+++ Recorded data
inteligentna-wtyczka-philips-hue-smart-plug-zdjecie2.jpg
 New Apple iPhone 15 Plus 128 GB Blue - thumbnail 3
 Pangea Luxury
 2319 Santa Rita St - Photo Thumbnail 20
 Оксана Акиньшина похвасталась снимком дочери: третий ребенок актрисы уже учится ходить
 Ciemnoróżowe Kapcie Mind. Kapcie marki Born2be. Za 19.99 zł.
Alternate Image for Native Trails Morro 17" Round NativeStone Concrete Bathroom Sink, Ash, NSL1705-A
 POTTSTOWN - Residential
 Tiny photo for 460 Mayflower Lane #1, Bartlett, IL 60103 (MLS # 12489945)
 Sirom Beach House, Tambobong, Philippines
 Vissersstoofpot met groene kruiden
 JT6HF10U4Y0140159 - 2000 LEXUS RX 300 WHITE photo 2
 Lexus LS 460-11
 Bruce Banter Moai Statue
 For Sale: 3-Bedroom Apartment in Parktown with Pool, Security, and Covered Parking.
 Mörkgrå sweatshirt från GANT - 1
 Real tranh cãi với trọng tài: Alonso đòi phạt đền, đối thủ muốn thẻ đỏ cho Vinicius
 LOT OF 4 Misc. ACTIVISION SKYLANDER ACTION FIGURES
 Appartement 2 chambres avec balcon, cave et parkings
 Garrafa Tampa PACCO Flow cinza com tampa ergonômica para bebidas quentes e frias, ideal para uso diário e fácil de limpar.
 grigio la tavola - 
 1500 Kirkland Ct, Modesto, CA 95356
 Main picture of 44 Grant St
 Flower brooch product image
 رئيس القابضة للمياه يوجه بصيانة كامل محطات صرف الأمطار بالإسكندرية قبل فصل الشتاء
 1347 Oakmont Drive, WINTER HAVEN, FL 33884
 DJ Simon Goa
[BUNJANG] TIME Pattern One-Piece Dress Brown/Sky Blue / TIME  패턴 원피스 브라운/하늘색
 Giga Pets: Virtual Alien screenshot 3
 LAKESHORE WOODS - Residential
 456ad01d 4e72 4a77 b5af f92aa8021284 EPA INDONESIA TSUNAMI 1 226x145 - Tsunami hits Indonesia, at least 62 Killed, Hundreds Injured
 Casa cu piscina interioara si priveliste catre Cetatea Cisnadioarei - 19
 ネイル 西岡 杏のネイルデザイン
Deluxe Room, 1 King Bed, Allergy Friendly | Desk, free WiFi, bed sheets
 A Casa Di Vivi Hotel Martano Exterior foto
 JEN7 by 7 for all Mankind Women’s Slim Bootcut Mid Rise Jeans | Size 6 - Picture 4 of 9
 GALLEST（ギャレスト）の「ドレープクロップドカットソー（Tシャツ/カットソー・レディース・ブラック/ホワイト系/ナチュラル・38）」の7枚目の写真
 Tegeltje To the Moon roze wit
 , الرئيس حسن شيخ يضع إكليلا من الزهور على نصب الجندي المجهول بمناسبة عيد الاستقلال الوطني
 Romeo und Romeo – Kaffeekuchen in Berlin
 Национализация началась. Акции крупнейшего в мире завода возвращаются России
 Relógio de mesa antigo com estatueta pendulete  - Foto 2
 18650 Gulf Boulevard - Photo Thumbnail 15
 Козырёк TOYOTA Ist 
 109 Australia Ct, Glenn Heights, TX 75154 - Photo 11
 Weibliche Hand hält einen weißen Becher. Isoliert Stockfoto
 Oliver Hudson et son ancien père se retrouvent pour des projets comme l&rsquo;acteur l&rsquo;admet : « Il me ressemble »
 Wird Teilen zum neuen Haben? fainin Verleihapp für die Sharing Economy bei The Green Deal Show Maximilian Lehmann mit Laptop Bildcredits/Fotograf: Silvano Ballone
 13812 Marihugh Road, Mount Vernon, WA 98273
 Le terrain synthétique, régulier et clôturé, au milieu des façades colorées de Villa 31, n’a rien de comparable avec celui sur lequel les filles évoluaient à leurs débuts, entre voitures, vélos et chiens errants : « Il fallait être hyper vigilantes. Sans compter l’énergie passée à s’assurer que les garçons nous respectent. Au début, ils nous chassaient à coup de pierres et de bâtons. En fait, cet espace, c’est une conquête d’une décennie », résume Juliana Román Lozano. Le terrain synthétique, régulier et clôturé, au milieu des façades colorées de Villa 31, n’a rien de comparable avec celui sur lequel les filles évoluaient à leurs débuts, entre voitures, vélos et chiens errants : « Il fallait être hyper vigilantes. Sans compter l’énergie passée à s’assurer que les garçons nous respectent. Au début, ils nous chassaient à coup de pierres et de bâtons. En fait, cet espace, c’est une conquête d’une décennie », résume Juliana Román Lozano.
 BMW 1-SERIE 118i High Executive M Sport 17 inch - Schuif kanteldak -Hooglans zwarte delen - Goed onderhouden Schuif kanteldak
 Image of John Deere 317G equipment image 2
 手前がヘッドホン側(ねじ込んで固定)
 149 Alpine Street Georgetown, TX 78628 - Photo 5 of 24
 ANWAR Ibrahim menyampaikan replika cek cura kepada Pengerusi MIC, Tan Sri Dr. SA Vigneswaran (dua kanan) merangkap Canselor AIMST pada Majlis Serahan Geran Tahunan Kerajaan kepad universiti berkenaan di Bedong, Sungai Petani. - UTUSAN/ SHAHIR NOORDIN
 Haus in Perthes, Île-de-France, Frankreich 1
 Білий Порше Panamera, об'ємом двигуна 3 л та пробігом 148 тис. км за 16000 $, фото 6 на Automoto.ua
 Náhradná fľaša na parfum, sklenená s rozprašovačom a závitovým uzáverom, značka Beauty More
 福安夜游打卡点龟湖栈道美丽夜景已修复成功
++++++
## Activity
An exact copy is needed of the lines from the one containing "149 Alpine Street" through the end of the records.

## Output of the task
 149 Alpine Street Georgetown, TX 78628 - Photo 5 of 24
 ANWAR Ibrahim menyampaikan replika cek cura kepada Pengerusi MIC, Tan Sri Dr. SA Vigneswaran (dua kanan) merangkap Canselor AIMST pada Majlis Serahan Geran Tahunan Kerajaan kepad universiti berkenaan di Bedong, Sungai Petani. - UTUSAN/ SHAHIR NOORDIN
 Haus in Perthes, Île-de-France, Frankreich 1
 Білий Порше Panamera, об'ємом двигуна 3 л та пробігом 148 тис. км за 16000 $, фото 6 на Automoto.ua
 Náhradná fľaša na parfum, sklenená s rozprašovačom a závitovým uzáverom, značka Beauty More
 福安夜游打卡点龟湖栈道美丽夜景已修复成功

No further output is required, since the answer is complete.